Kafka Writer

Note

Kafka Writer versions 0.8, 0.9, and 0.10 are no longer supported. If Kafka 0.8, 0.9, or 0.10 is running on JDK 8, you may modify any applications using those versions to use Kafka Writer version 2.1. Writing to Kafka 0.8, 0.9, or 0.10 running on JDK 11 is not supported due to compatibility issues. Kafka Writer version 0.11.0 is not available through the UI, but you can create it using a TQL statement in the Striim console.

Writes to a topic in Apache Kafka 0.11, 2.1, 2.1.1, or 3.3.2.

Kafka Writer properties

property	type	default value	notes
Broker Address	String
Kafka Config	String	See notes	Specify any properties required by the authentication method used by the specified Kafka broker (see Configuring authentication in Kafka Config. Optionally, specify Kafka producer properties, separated by semicolons. See the table below for details. When writing to a topic in Confluent Cloud, specify the appropriate SASL properties. To send messages in Confluent wire format, specify `value.deserializer=io.confluent.kafka.serializers.KafkaAvroSrializer`. When Mode is Sync, also specify `batch.size=-1` (not necessary when Mode is Async). The default is: request.timeout.ms=60001; session.timeout.ms=60000
Kafka Config Property Separator	String	;	Available only in Kafka 0.11 and later versions. Specify a different separator if one of the producer property values specified in KafkaConfig contains a semicolon.
Kafka Config Value Separator	String	=	Available only in Kafka 0.11 and later versions.
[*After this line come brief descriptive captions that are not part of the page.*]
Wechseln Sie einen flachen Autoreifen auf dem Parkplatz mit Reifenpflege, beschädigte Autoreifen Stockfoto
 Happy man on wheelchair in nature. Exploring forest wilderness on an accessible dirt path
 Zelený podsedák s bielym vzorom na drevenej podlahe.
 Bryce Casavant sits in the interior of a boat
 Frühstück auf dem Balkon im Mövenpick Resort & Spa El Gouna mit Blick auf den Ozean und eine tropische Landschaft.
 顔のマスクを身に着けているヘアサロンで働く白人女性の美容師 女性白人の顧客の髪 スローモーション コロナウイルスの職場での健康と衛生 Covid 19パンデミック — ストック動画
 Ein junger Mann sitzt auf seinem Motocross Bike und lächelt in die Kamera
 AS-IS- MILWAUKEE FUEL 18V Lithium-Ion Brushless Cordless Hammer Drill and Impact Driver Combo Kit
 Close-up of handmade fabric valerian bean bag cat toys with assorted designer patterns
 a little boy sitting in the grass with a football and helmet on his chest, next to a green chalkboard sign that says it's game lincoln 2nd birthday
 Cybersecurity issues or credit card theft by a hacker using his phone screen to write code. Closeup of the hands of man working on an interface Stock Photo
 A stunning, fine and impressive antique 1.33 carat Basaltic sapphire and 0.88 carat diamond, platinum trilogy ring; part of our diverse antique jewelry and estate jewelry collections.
Specify a different separator if one of the producer property values specified in KafkaConfig contains an equal symbol.
Message Header	String		Optionally, if using Kafka 0.11 or later in async mode, or in sync mode with KafkaConfig `batch.size=-1`, specify one or more custom headers to be added to messages as key-value pairs. Values may be: a field name from an in put stream of a user-defined type: for example, `MerchantID=merchantID` a static string: for example, `Company="My Company"` a function: for example, to get the source table name from a WAEvent input stream that is the output of a CDC reader, `Table Name=@metadata(TableName)` (for more information, see WAEvent functions) To specify multiple custom headers, separate them with semicolons.
Message Key	String		Optionally, if using Kafka 0.11 or later in async mode, or in sync mode with KafkaConfig `batch.size=-1`, specify one or more keys to be added to messages as key-value pairs. The property value may be a static string, one or more fields from the input stream, or a combination of both. Examples: MessageKey : CName=”Striim” MessageKey : Table=@metadata(TableName); Operation=@metadata(OperationName);key1=@userdata(key1) MessageKey : CityName=City; Zipcode=zip MessageKey : CName=”Striim”;Table=@metadata(TableName); Operation=@metadata(OperationName) Among other possibilities, you may use this property to support log compaction or to allow downstream applications to use queries based on the message payload..
Mode	String	Sync	see Setting KafkaWriter's mode property: sync versus async
Parallel Threads	Integer		See Creating multiple writer instances (parallel threads).
Partition Key	String		The name of a field in the input stream whose values determine how events are distributed among multiple partitions. Events with the same partition key field value will be written to the same partition. If the input stream is of any type except WAEvent, specify the name of one of its fields. If the input stream is of the WAEvent type, specify a field in the METADATA map (see WAEvent contents for change data) using the syntax `@METADATA(<field name>)`, or a field in the USERDATA map (see Adding user-defined data to WAEvent streams), using the syntax `@USERDATA(<field name>)`. If appropriate, you may concatenate multiple METADATA and/or USERDATA fields.WAEvent contents for change data
Topic	String		The existing Kafka topic to write to (will not be created if it does not exist). If more than one Kafka Writer writes to the same topic, recovery is not supported (see Recovering applications. (Recovery is supported when using Parallel Threads.) Recovery is based on the topic name at the time the application is first started, so if the topic name changes, to support recovery the application must be dropped and recreated.Recovering applications

This adapter has a choice of formatters. See Supported writer-formatter combinations for more information.Supported writer-formatter combinations

Notes on the KafkaConfig property

With the exceptions noted in the following table, you may specify any Kafka producer property in KafkaConfig.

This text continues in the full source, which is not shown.